How everything connects

One barn call, followed from the first phone call to a paid invoice — and every object it touches.

The fastest way to understand decavet is to follow one real call from start to finish. Watch which objects appear and how they link together — that chain is the whole app.

The call

It's Monday. Dana Miller phones: her gelding Thunder is favoring a front leg. You agree to come out Wednesday morning, and you'll see two other horses at the same barn while you're there.

Who and what: contacts and patients

First, the people and animals.

  • Dana is a contact — your single address book holds everyone, and Dana is labeled a Client because you bill her.
  • Miller Farm is also a contact, labeled a Location, with its address and gate notes.
  • Thunder is a patient — an animal record. Thunder is connected to Dana as his owner. The other two horses are patients too, connected to their own owners.

One contact can own many patients; one patient can have several connected people (owner, trainer, farrier, a referring vet). decavet keeps the animal and the people separate, then links them.

The trip: an appointment

Wednesday's call is an appointment — a single trip to one place at one time. The appointment records when, where (Miller Farm), and who's going (you, the provider).

The work: visits

You're seeing three horses on this one trip, so the appointment holds three visits — one per animal. Thunder's visit is a Lameness Exam; the others might be a Wellness Exam and a Vaccination.

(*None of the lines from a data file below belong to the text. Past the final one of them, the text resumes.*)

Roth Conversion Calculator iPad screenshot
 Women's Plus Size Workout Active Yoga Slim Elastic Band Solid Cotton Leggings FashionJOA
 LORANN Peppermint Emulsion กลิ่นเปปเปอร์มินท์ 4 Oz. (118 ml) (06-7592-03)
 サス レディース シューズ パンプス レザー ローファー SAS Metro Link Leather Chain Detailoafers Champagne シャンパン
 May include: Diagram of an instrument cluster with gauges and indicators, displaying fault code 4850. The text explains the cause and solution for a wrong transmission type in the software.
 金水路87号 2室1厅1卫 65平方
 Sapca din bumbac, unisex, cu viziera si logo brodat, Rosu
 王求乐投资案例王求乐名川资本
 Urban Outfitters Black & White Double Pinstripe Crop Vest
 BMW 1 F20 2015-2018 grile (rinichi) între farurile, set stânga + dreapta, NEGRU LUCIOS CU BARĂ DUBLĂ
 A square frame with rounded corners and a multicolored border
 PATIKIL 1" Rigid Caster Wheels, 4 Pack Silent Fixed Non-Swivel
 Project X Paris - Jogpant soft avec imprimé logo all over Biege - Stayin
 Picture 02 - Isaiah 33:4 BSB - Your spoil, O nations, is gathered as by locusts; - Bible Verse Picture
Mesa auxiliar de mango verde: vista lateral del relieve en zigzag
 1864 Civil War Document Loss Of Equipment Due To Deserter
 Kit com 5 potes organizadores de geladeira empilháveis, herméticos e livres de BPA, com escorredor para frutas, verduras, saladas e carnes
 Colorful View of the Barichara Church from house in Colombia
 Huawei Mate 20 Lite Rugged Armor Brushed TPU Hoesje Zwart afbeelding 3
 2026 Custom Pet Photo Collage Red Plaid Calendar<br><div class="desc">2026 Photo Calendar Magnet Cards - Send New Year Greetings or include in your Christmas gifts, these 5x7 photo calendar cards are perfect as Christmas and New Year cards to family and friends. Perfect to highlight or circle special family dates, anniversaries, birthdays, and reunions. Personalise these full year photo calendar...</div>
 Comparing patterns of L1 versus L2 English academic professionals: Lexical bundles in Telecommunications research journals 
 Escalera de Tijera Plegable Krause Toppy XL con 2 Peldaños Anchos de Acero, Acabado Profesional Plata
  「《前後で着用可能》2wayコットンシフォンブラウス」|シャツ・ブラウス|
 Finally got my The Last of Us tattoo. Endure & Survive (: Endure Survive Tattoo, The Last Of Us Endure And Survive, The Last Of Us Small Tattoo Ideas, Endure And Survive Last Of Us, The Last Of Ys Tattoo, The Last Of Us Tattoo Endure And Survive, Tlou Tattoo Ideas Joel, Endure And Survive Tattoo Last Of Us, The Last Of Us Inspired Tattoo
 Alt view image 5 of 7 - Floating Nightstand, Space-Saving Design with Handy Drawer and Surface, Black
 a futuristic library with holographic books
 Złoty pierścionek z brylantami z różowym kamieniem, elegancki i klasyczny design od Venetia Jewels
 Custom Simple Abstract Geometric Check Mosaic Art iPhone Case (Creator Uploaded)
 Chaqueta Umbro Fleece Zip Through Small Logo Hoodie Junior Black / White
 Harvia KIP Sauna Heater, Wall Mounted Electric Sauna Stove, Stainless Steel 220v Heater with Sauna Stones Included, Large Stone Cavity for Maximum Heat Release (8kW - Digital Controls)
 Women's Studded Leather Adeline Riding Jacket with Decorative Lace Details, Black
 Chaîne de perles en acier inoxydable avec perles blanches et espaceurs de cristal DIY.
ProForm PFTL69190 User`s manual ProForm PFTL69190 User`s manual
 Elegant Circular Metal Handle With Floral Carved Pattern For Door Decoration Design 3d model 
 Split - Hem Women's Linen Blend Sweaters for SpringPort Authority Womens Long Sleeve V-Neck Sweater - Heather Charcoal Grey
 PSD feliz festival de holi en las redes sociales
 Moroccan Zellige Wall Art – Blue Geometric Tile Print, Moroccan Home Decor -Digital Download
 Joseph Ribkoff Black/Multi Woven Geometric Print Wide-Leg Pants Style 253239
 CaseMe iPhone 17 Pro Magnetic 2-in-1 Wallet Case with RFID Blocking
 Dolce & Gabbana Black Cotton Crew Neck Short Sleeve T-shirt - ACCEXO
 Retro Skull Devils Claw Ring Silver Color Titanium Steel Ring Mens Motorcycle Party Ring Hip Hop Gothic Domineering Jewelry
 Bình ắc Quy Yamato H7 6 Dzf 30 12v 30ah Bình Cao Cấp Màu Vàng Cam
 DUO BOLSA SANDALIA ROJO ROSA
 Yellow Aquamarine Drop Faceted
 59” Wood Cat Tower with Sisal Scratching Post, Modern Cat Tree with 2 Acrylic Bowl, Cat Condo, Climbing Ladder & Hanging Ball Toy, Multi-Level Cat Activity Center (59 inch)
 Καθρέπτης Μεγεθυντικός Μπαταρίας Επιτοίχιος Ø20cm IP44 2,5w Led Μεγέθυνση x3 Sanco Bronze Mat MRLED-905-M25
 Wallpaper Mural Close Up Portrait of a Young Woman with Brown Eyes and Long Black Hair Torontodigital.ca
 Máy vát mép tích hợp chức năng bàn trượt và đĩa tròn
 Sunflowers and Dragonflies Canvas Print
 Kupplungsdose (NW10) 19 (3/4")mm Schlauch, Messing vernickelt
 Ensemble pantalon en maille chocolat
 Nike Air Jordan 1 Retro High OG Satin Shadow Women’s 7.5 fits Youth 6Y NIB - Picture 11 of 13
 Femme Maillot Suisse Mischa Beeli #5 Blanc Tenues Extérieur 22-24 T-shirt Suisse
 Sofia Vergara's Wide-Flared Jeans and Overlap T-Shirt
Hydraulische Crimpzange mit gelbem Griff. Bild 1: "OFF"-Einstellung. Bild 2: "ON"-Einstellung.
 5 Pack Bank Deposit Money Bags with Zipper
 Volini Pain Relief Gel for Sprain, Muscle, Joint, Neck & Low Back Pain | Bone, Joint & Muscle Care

This is the key idea: the appointment is the trip; each visit is the work for one animal. A visit is what becomes a medical record and what gets billed.

What you did: services rendered

On Thunder's visit you record what you actually did — a lameness exam, a flexion test, maybe a dose of medication. Each line is a service rendered. Your service catalog is the menu these come from (it fills in the name, price, and any note templates), but you can always adjust the price or add a one-off.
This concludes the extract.